Bisnis.com, JAKARTA—Koperasi Cipaganti Karya Guna Persada terancam pailit setelah salah satu krediturnya mengajukan gugatan pembatalan perjanjian perdamaian yang telah disahkan pada tahun lalu.
Pemohon yang merupakan salah satu kreditur, Kristina TB Sihombing, mengajukan gugatan tersebut pada 8 Desember 2014. Perkara tersebut teregistrasi dengan No. 6/Pdt.Sus-Pem.Perdamaian/2014 jo. No. 21/Pdt.Sus-PKPU/2014/PN.Niaga.Jkt.Pst.

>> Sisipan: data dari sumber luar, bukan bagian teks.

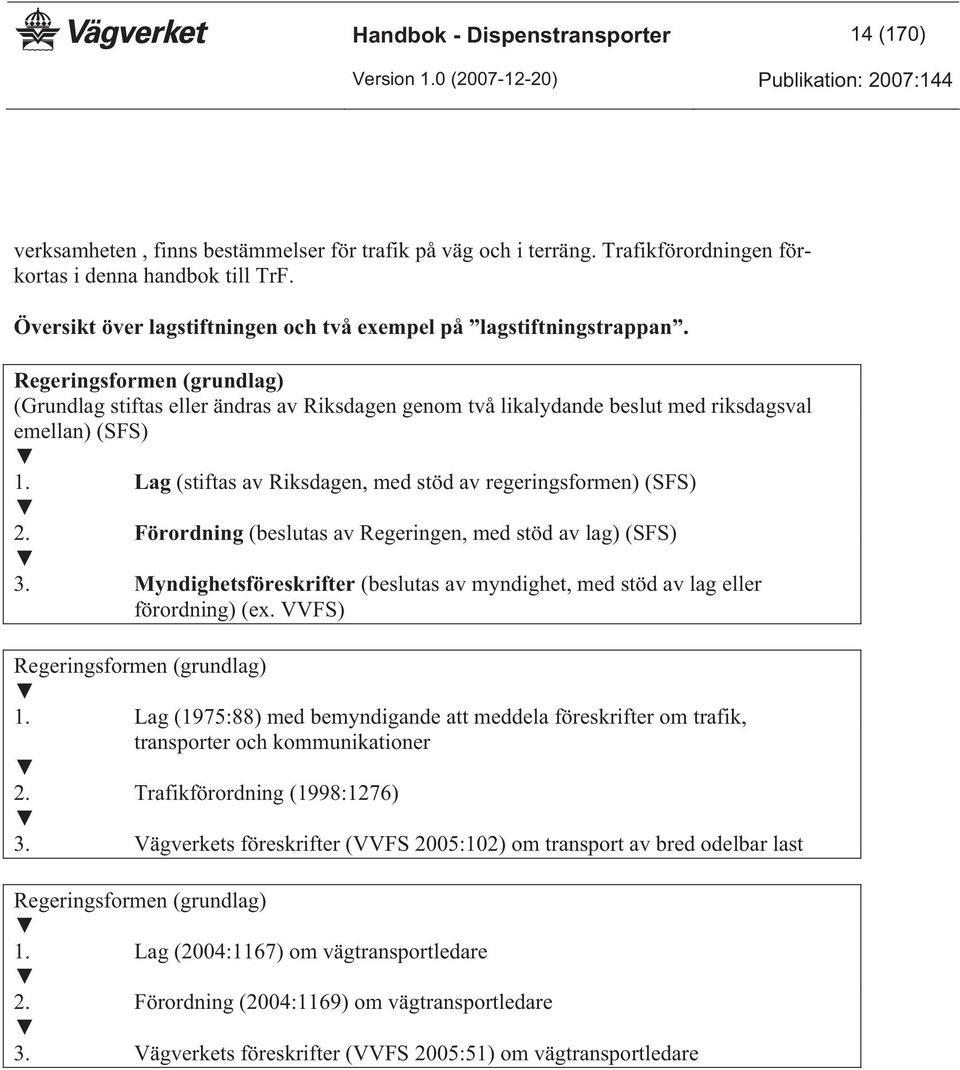 Regeringsformen (grundlag) (Grundlag stiftas eller ändras av Riksdagen genom två likalydande beslut med riksdagsval emellan) (SFS) 1. Lag (stiftas av Riksdagen, med stöd av regeringsformen) (SFS) 2.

Kuasa hukum pemohon Wiling Learned mengaku belum bisa memberikan keterangan lebih lanjut karena persidangan belum dimulai oleh majelis. Termohon maupun kuasanya belum hadir di persidangan kendati sudah dipanggil secara patut sebanyak tiga kali.
"Kami belum bisa memberi komentar apapun saat ini. Nama pemohon dan alasan permohonan pembatalan tersebut juga belum bisa kami sampaikan kepada media," kata Willing kepada Bisnis seusai persidangan, Senin (5/1/2015).
Dia menambahkan berkas permohonan pembatalan perdamaian juga belum dibacakan oleh majelis, sehingga masih prematur untuk dipublikasikan.
Dalam kesempatan yang sama, ketua majelis hakim Sutio J. Akhirno mengatakan termohon sudah tidak menempati alamat tinggal yang tertulis dalam permohonan. Pemohon diberi dua pilihan untuk melanjutkan perkaranya.
"Pertama, pemohon bisa mencari alamat yang baru dulu dengan mencabut dan memasukkan gugatan baru. Kedua, membuat pengumuman resmi di media massa," ujarnya.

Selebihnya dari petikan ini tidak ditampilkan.